• Instructions to follow:
With images excluded, write out each entry below exactly as given.

• Records shown:
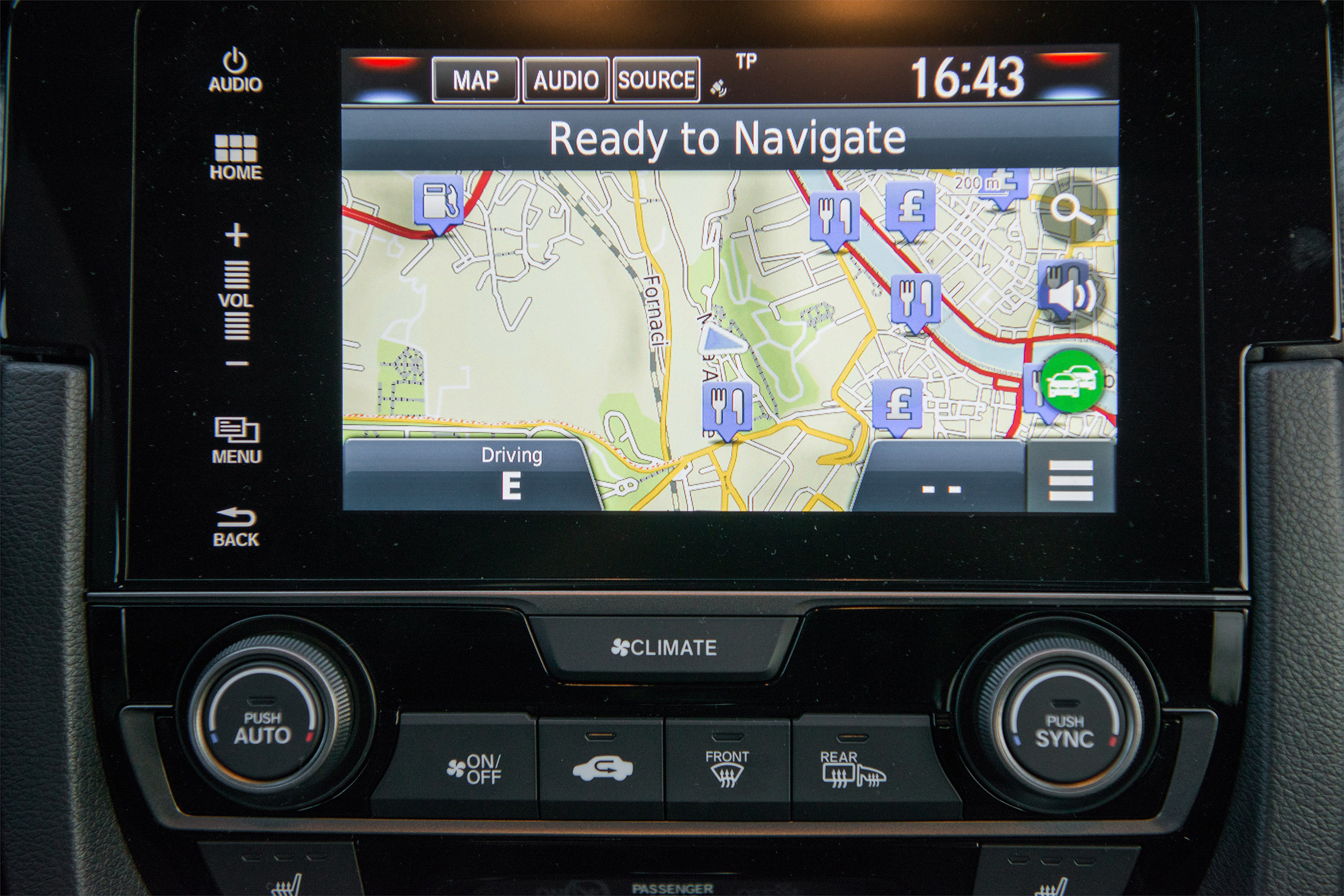 Honda Civic 1.6 i-DTEC – centre console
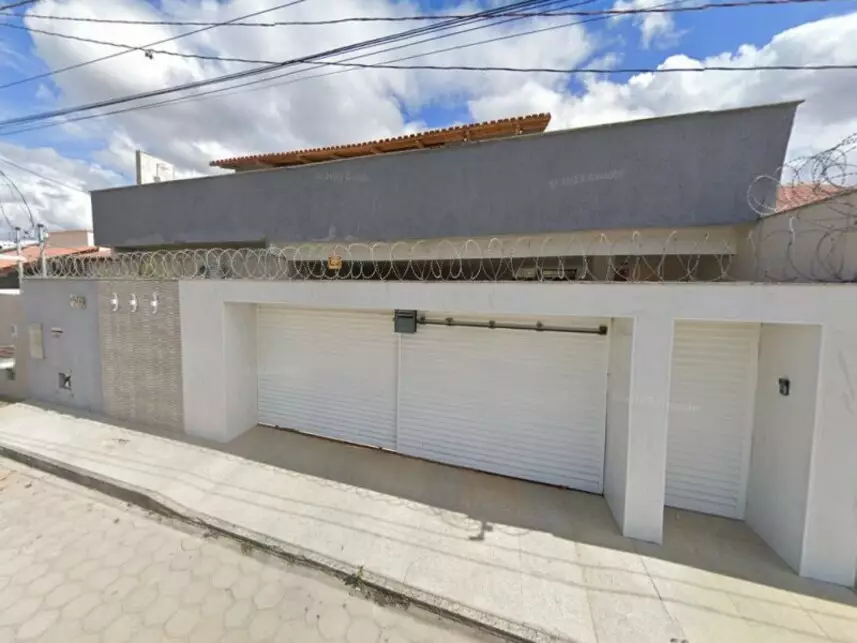Casa à venda em leilão - leilão extrajudicial - Nanuque MG - lance mínimo R$ 304.355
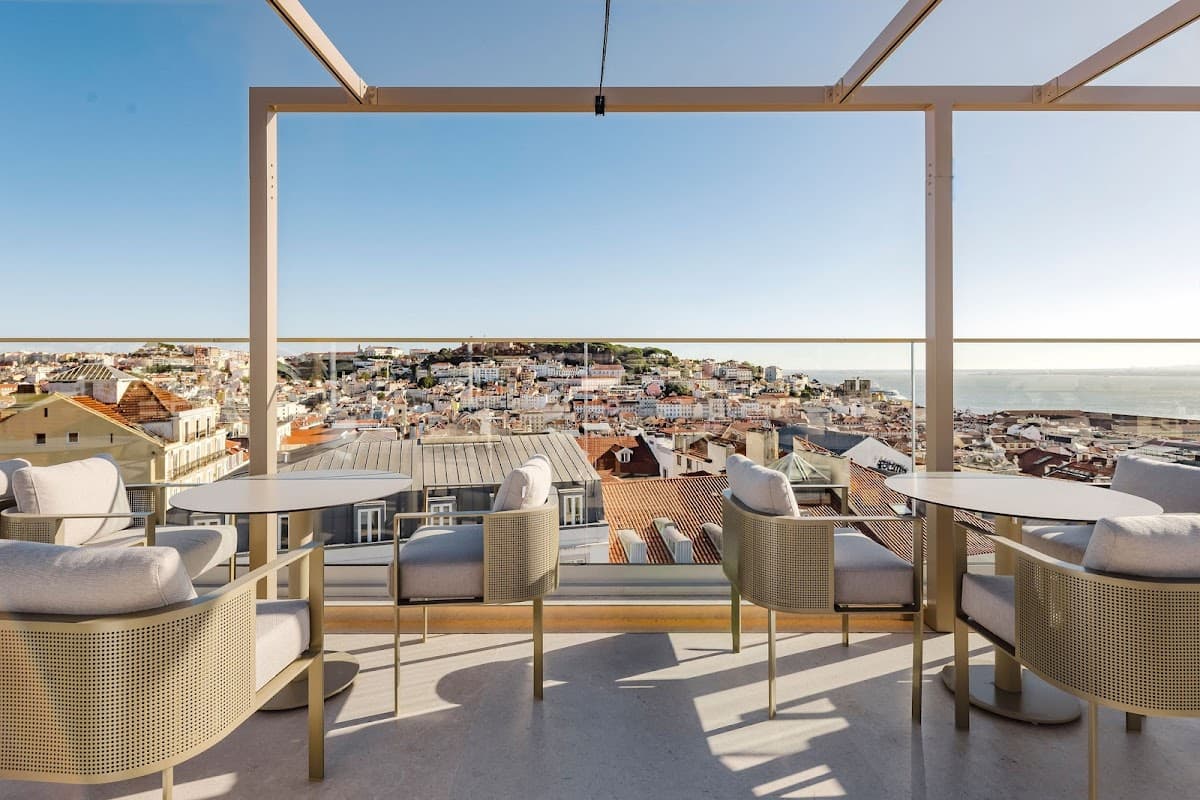Beyond Rooftop Bar - Chiado
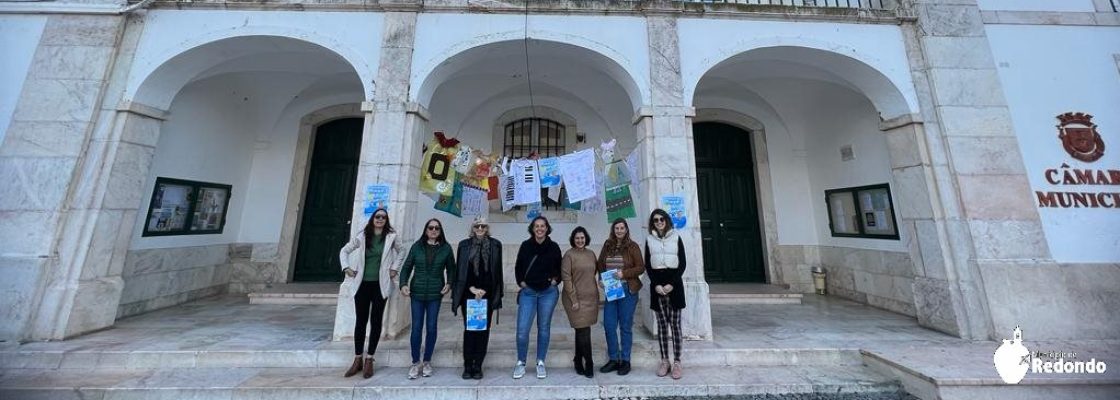 Houve roupa estendida nos Paços do Concelho de Redondo pelos direitos das crianças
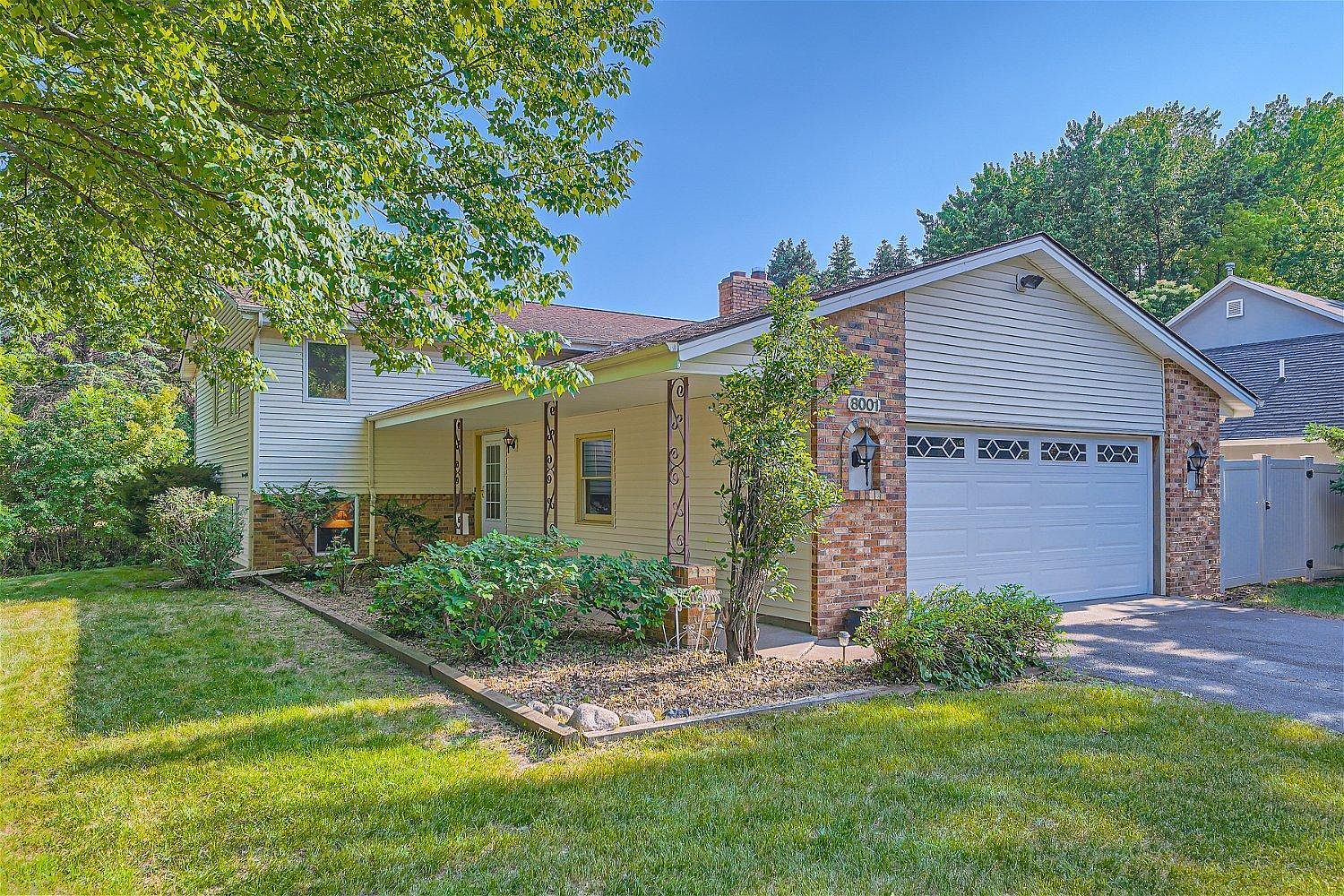 8001 Oakmere Rd, Bloomington, MN 55438 Zillow
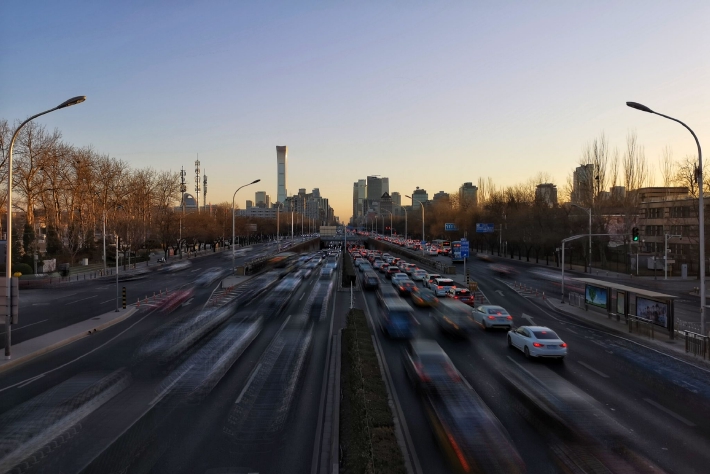 国务院：研究今年内对一定排量以下乘用车减征车辆购置税的支持政策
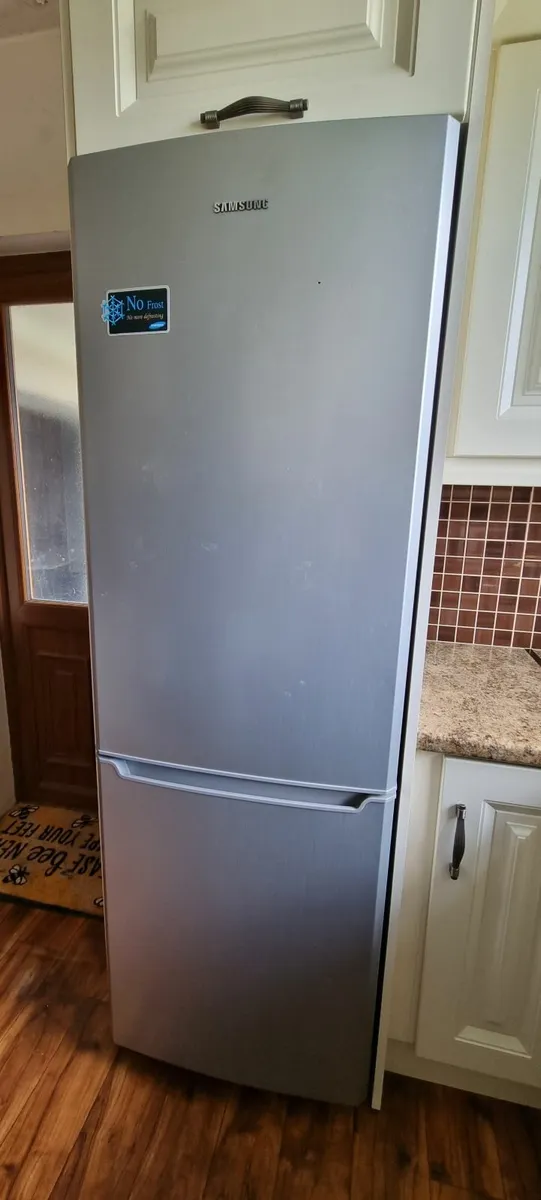 *PRICE NEGOTIABLE* Fridge Freezer (Cork). - Image 2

• Exercise response:
 Honda Civic 1.6 i-DTEC – centre console
Casa à venda em leilão - leilão extrajudicial - Nanuque MG - lance mínimo R$ 304.355
Beyond Rooftop Bar - Chiado
 Houve roupa estendida nos Paços do Concelho de Redondo pelos direitos das crianças
 8001 Oakmere Rd, Bloomington, MN 55438 Zillow
 国务院：研究今年内对一定排量以下乘用车减征车辆购置税的支持政策
 *PRICE NEGOTIABLE* Fridge Freezer (Cork). - Image 2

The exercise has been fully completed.